Les petits producteurs demeurent les grands oubliés du financement climatique, apprend-on du Fonds international de développement agricole (FIDA). Selon l’institution internationale, ces petits producteurs subissent les conséquences dévastatrices des changements climatiques, de la dégradation des sols, de l’insécurité alimentaire et des migrations irrégulières.

Jusqu’ici, seulement 1,7% des investissements mondiaux en faveur de l’action climatique est parvenu aux petits producteurs.

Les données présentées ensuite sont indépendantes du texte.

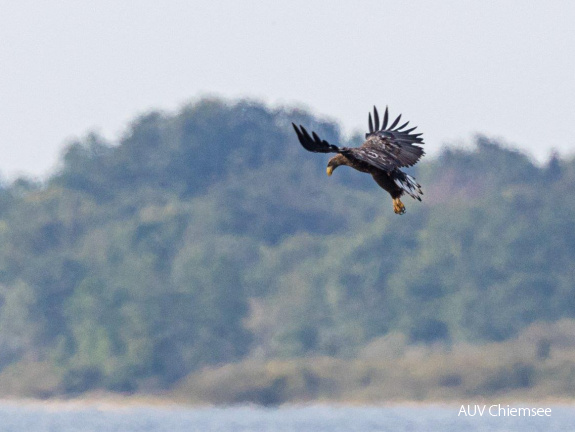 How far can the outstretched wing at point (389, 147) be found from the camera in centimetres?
1584

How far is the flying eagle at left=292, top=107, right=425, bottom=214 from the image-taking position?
1545cm

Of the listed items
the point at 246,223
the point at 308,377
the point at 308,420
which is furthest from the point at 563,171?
the point at 308,420

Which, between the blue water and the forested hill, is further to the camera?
the forested hill

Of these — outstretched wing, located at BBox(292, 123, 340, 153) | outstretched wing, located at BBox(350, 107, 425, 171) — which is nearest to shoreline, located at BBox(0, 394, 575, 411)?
outstretched wing, located at BBox(350, 107, 425, 171)

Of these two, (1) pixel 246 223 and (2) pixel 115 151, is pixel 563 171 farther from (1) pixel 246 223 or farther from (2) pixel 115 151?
(2) pixel 115 151

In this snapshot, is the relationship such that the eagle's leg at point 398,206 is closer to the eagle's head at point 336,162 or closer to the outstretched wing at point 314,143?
the eagle's head at point 336,162

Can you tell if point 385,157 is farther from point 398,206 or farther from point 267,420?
point 267,420

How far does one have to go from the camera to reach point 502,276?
7488 centimetres

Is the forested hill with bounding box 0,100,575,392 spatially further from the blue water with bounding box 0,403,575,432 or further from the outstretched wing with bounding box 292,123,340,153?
the outstretched wing with bounding box 292,123,340,153

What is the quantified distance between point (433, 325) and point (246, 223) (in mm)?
17697

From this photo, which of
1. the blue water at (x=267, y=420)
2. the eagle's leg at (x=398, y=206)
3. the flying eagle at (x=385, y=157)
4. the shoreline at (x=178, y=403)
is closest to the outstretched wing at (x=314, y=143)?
the flying eagle at (x=385, y=157)

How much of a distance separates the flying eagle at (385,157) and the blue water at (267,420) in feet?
115

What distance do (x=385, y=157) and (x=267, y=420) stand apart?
45.4m

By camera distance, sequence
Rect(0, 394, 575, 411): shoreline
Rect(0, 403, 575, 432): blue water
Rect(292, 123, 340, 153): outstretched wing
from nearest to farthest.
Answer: Rect(292, 123, 340, 153): outstretched wing
Rect(0, 403, 575, 432): blue water
Rect(0, 394, 575, 411): shoreline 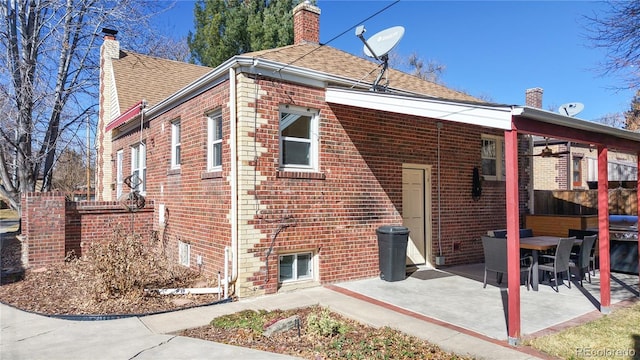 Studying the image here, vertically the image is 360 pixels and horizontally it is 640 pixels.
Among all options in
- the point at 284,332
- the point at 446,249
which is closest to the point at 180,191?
the point at 284,332

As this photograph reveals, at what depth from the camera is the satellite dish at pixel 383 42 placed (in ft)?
25.8

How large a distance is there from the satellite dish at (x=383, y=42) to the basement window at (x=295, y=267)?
13.6 ft

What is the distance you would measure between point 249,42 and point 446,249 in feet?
59.4

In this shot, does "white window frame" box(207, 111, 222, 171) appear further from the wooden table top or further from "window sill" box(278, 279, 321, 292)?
the wooden table top

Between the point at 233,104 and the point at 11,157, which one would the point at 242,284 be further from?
the point at 11,157

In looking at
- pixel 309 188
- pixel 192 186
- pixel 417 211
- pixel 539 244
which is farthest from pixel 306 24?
pixel 539 244

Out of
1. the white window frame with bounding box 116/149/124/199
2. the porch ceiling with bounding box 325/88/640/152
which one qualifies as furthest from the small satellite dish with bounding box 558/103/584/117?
the white window frame with bounding box 116/149/124/199

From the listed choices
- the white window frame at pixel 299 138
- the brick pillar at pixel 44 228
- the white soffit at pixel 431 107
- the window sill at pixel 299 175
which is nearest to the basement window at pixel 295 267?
the window sill at pixel 299 175

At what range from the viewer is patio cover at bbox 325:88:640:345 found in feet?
16.0

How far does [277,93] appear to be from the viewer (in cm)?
756

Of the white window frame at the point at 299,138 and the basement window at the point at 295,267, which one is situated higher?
the white window frame at the point at 299,138

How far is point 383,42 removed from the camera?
8.16 meters

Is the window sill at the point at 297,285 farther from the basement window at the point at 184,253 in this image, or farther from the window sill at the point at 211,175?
the basement window at the point at 184,253

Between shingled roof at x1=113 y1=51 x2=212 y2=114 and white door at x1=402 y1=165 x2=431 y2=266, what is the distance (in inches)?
365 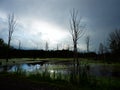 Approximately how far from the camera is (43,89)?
10.5 m

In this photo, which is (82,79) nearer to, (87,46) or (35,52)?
(87,46)

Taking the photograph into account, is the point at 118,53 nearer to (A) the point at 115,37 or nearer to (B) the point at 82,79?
(A) the point at 115,37

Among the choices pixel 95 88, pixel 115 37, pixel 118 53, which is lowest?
pixel 95 88

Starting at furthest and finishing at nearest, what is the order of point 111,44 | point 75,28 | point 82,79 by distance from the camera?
point 111,44, point 75,28, point 82,79

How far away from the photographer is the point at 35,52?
90250 mm

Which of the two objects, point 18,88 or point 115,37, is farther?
point 115,37

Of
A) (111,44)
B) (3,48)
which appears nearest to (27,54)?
(3,48)

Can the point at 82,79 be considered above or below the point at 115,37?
below

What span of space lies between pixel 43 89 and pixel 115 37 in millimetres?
65812

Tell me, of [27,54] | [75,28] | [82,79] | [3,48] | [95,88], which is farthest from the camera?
[27,54]

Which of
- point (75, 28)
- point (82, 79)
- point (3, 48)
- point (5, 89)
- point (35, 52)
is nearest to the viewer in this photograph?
point (5, 89)

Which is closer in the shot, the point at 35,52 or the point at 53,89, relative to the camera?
the point at 53,89

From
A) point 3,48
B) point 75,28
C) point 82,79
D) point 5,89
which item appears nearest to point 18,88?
point 5,89

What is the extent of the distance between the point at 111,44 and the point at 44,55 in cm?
3867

Entièrement dédié au financement de l’action climatique, le Programme élargi d’adaptation de l’agriculture paysanne (ASAP+) a pour ambition d’être le plus grand fonds consacré à l’affectation de financements climatiques aux petits producteurs.

Il vise à mobiliser 500 millions d’USD, au profit de plus de 10 millions de personnes, dans les buts suivants: produire des retombées supplémentaires et démultiplier l’impact des ressources déjà consacrées à l’action climatique au profit des petits producteurs agricoles; renforcer la résilience des petits producteurs et transformer les systèmes alimentaires, depuis la production jusqu’à la consommation; limiter les menaces que les changements climatiques font peser sur la sécurité alimentaire; contribuer à réduire les émissions de carbone et à piéger le carbone, et aider les pays à tenir les engagements pris au titre de leurs contributions déterminées au niveau national et de leurs plans nationaux d’adaptation.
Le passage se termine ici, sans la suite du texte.